PROBLEM DETAILS
The data that follows is to be copied exactly, with each image removed.

EXERCISE DATA

---

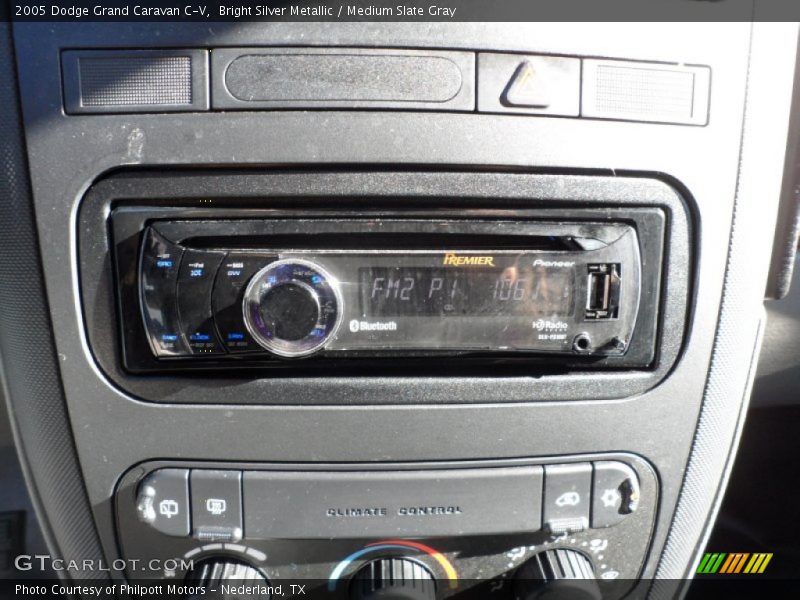 Bright Silver Metallic / Medium Slate Gray 2005 Dodge Grand Caravan C-V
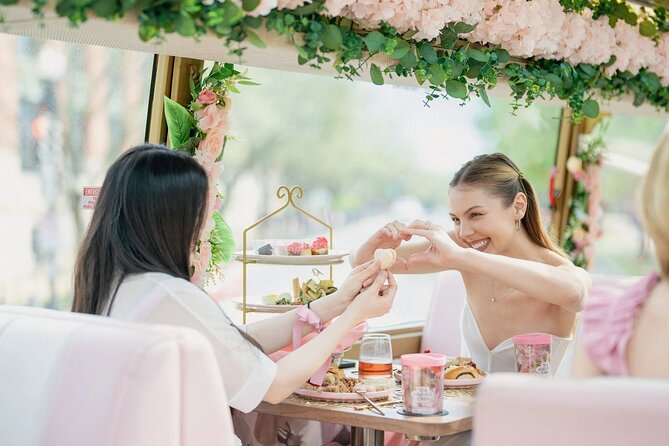 Tea Around Town Austin: Elegant Tea Bus Tour and Treats - Riding Austin’s historic downtown boulevard (think shops and old charm)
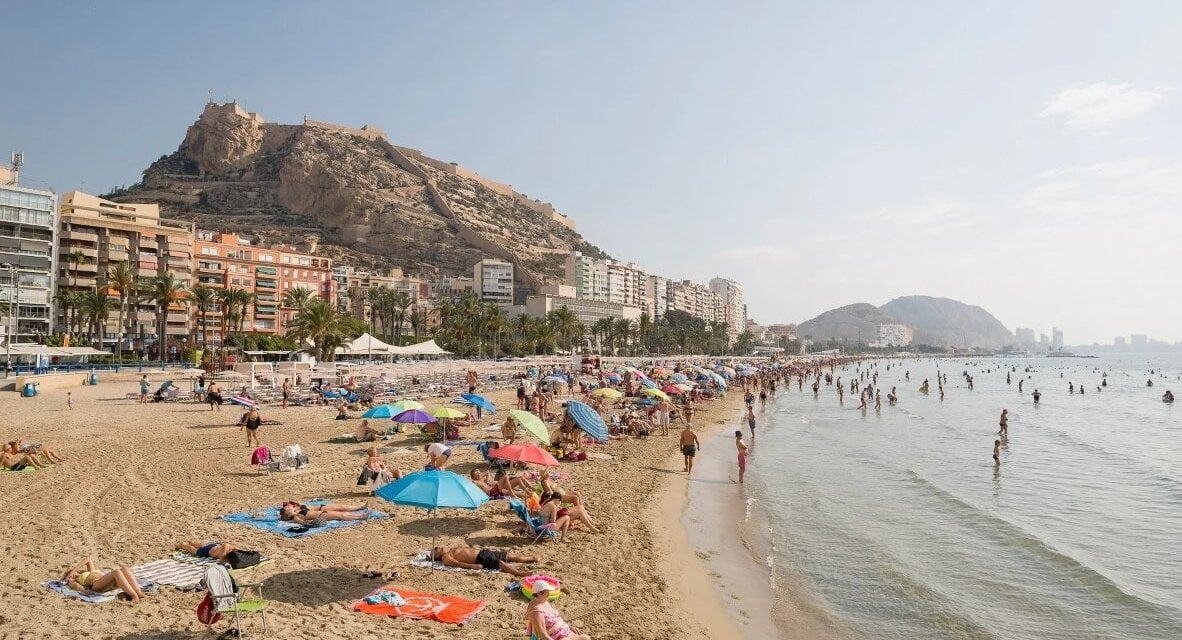 Svenska turister ökar i Alicante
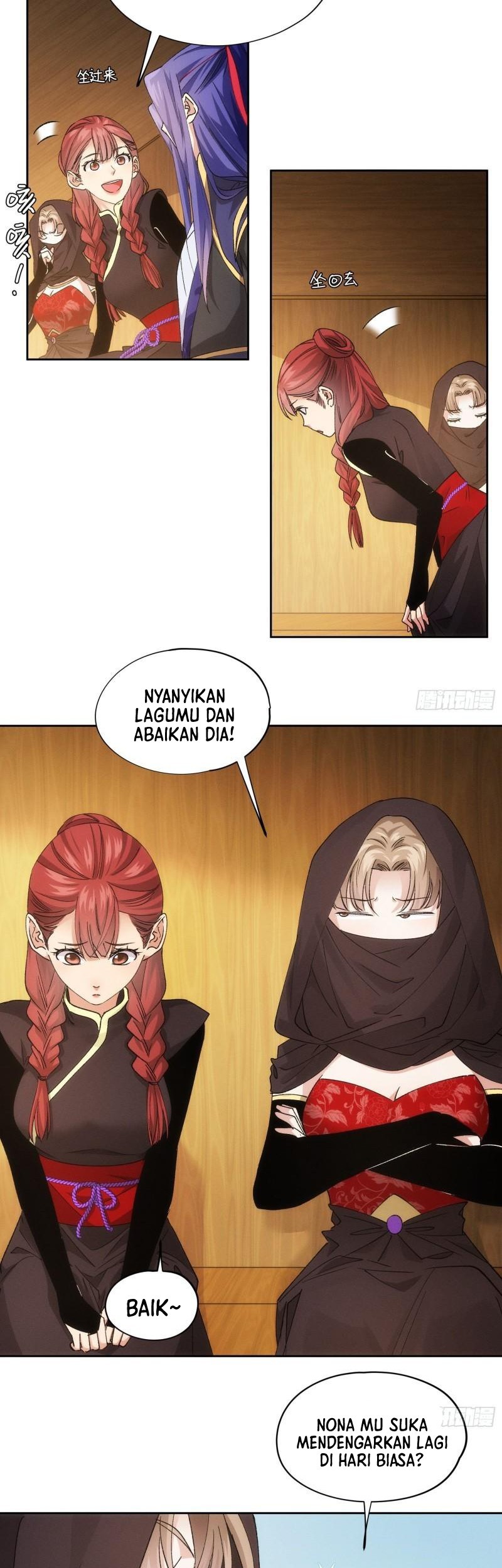I Just Don’t Play the Card According to the Routine Chapter 105 - halaman 15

---

TASK OUTPUT
 Bright Silver Metallic / Medium Slate Gray 2005 Dodge Grand Caravan C-V
 Tea Around Town Austin: Elegant Tea Bus Tour and Treats - Riding Austin’s historic downtown boulevard (think shops and old charm)
 Svenska turister ökar i Alicante
I Just Don’t Play the Card According to the Routine Chapter 105 - halaman 15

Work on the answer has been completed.